Decisions in several states support Kamen's argument that the directors' participation in the questioned acts excuses demand. E.g., Barr v. Wackman, 36 N.Y.2d 371, 368 N.Y.S.2d 497, 329 N.E.2d 180 (1975); Valiquet v. First Federal Savings & Loan Association, 87 Ill.App.3d 195, 42 Ill.Dec. 212, 217, 408 N.E.2d 921, 926 (1st Dist.1979). The tide is running against this approach, however. See ALI, Principles of Corporate Governance: Analysis and Recommendations 76-81 (T.D. No. 8, 1988) (Reporter's note analyzing state cases). Delaware, today's dominant corporate jurisdiction, has emphatically rejected the proposition that an investor may forego demand whenever the directors participated in the transaction they challenge.
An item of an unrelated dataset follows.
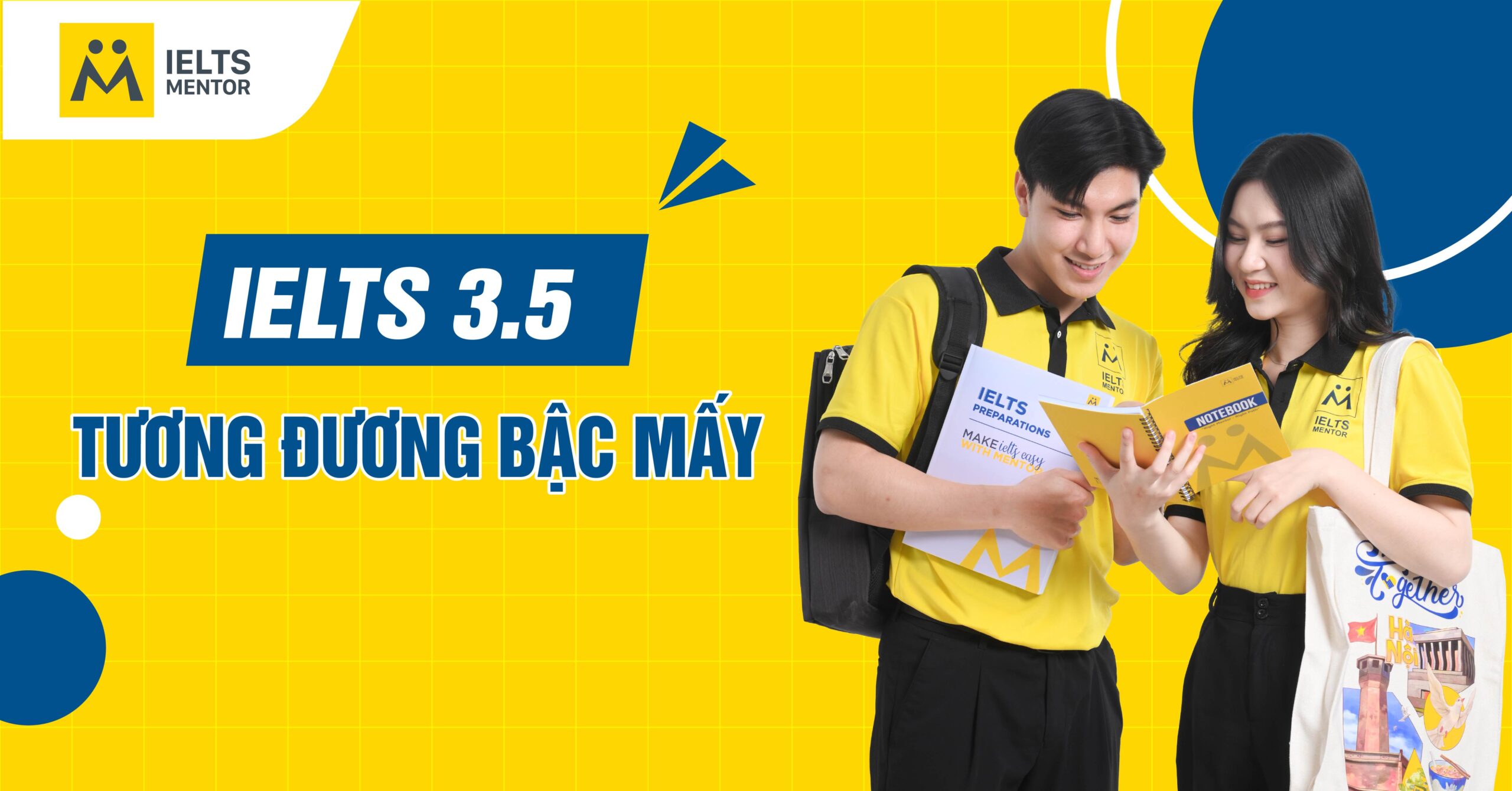 Cách Cải Thiện Từ IELTS 3.5 Lên 5.0 – 6.0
E.g., Grobow v. Perot, 539 A.2d 180 (Del.1988); Aronson v. Lewis, 473 A.2d 805 (Del.1984). See also, e.g., Starrels v. First National Bank of Chicago, 870 F.2d 1168, 1170-71 (7th Cir.1989); Lewis v. Graves, 701 F.2d 245, 248-49 (2d Cir.1983), collecting authority to the same effect. The prevailing contemporary view is that demand is necessary if the directors are disinterested--and because of the business judgment rule directors may be financially disinterested even if they took part in the acts of which the plaintiff complains. Careless acts by directors are regrettable but not a source of personal liability. So a plaintiff who believes that the directors violated their duty of care may ask them to take remedial action without putting their fortunes at risk.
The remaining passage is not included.